▸ **Directions**: In the entries below, find the line containing "Evil Eye Sunflower", then copy it and every later line exactly, ending with the last line.

(Source data)

>>>

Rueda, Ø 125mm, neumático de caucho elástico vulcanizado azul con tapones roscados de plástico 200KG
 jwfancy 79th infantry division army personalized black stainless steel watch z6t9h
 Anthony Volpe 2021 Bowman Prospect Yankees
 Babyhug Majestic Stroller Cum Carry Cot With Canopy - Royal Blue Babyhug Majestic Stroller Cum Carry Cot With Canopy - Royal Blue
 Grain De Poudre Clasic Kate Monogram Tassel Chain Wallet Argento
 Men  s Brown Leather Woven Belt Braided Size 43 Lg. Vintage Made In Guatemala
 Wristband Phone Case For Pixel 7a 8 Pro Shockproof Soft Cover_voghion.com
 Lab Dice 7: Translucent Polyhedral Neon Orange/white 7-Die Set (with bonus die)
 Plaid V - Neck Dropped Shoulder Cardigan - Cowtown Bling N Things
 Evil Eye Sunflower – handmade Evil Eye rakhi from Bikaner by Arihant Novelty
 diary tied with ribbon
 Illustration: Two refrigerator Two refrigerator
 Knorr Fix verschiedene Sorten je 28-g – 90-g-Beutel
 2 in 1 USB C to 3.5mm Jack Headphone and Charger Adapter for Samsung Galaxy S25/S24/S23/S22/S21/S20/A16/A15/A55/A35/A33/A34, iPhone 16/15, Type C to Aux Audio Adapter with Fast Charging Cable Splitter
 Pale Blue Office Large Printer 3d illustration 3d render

<<<

▸ **Solution for this exercise**:
 Evil Eye Sunflower – handmade Evil Eye rakhi from Bikaner by Arihant Novelty
 diary tied with ribbon
 Illustration: Two refrigerator Two refrigerator
 Knorr Fix verschiedene Sorten je 28-g – 90-g-Beutel
 2 in 1 USB C to 3.5mm Jack Headphone and Charger Adapter for Samsung Galaxy S25/S24/S23/S22/S21/S20/A16/A15/A55/A35/A33/A34, iPhone 16/15, Type C to Aux Audio Adapter with Fast Charging Cable Splitter
 Pale Blue Office Large Printer 3d illustration 3d render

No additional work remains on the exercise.